Conservation & Community Blog

Victoria Adams

Victoria Adams

Victoria Adams

Victoria Adams

Malapascua for the Time Being

Facebook
Twitter
LinkedIn
WhatsApp

My name is Vicki, and I’ve recently joined the People and the Sea team in Malapascua.  For the time being, I’ll be blogging my perspectives as a newby to both the island and the team.  As I recently read, “A time being is someone who lives in time, and that means you, and me, and every one of us who is, or was, or ever will be” (A Tale for the Time Being, Ruth Ozeki), so this will be a journey for all of us, time beings that we are.  Let’s begin.

Before I arrived here, I didn’t have a good idea of what to expect.  If you google “Malapascua,” most of the things that come up are geared towards tourists, and rightly so, because it’s considered somewhat of a diver’s paradise.  People come here from all over the world to dive with the thresher sharks.  But for me, the most helpful information I could find on the internet was that there’s no ATM on Malapascua.  I made sure to bring cash.

Local kids playing in the water in fron tof the marine conservation volunteer office

Conversely, however, the People and the Sea staff expressed to me all of the things I wasn’t reading online.  The south side of the island is mostly covered with dive resorts and restaurants.  But once you pass behind this ritzy facade, you enter the the less touristy bits of the island and  can get a better sense of what life is really like for the locals, which, presumably, is what I am now?  Or what I’m becoming.  For the time being.

The roads in Malapascua are all dirt foot paths, which is nice because it means there are no cars anywhere! Many of the locals (and, indeed, some tourists) use motorbikes to get from one end of the island to the other, but you can see that it’s an easy walk so why bother, really? While out walking, you’ll see children running barefoot along the paths, in various states of undress (or in their ‘altogethers’!).  Like in Morocco (where I spent the last 2.5 years), when you walk past them, they’ll chirp, “Hello!  Whass your name?”  And then they’ll giggle crazily…. it’s so cute!

And it’s not just the tiny children that are happy to see you.  Every other week, PepSea facilitates environmental classes with a 5th grade at the local school, and when they see us in the street, they’ll say hello and want high-fives and smile large toothy smiles.  And having spent two classes with these kids, I can tell you one thing: they are waste wizards. They can identify which items are recyclable (magamit-pa, in Visiyan), which are compost (malata), and which are garbage (di-malata), easy as pie.  And PepSea built compost bins for the school, so all of the classes are recycling and composting, not just the fifth years.
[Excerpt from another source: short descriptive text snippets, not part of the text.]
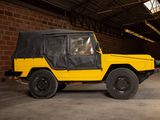 a yellow jeep with a black top parked in a garage
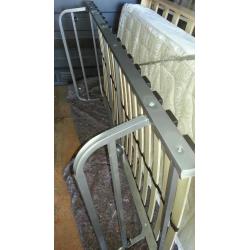 Slide under bed frame/guest bed.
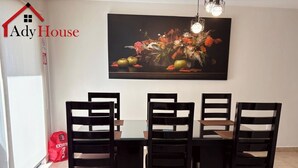 Uma sala de jantar com mesa de vidro e seis cadeiras pretas, um quadro floral grande na parede e uma bolsa vermelha no chão.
One of the main goals of PepSea is to reduce waste in Malapascua, so in addition to this educational work, they’ve done a lot of work.  They’re attempting to become a zero waste office (so far, successfully) and have started a gardening initiative, whereby the staff planted food at the office and in plots of land around the island.  The host families associated with PepSea are also tasked with composting and recycling wherever possible. Every day, the island becomes a little greener.  And “greener.”

The local kids are waste segregation wizards after the People and the Sea environmental lessons

So these are my first impressions of Malapascua, the surface impressions, the starting point for the beginning of my adventure.  For the time being, it is a quiet place, where it’s easy to get lost in your thoughts.  And also easy to get lost, physically, though never for long.  The (solar) street lights can be sparse, and at night you can wander between fences and homes, followed by trotting dogs, searching for your destination in the dark.  But I can usually find my way back to my house, which is good because, for the time being, Malapascua is home.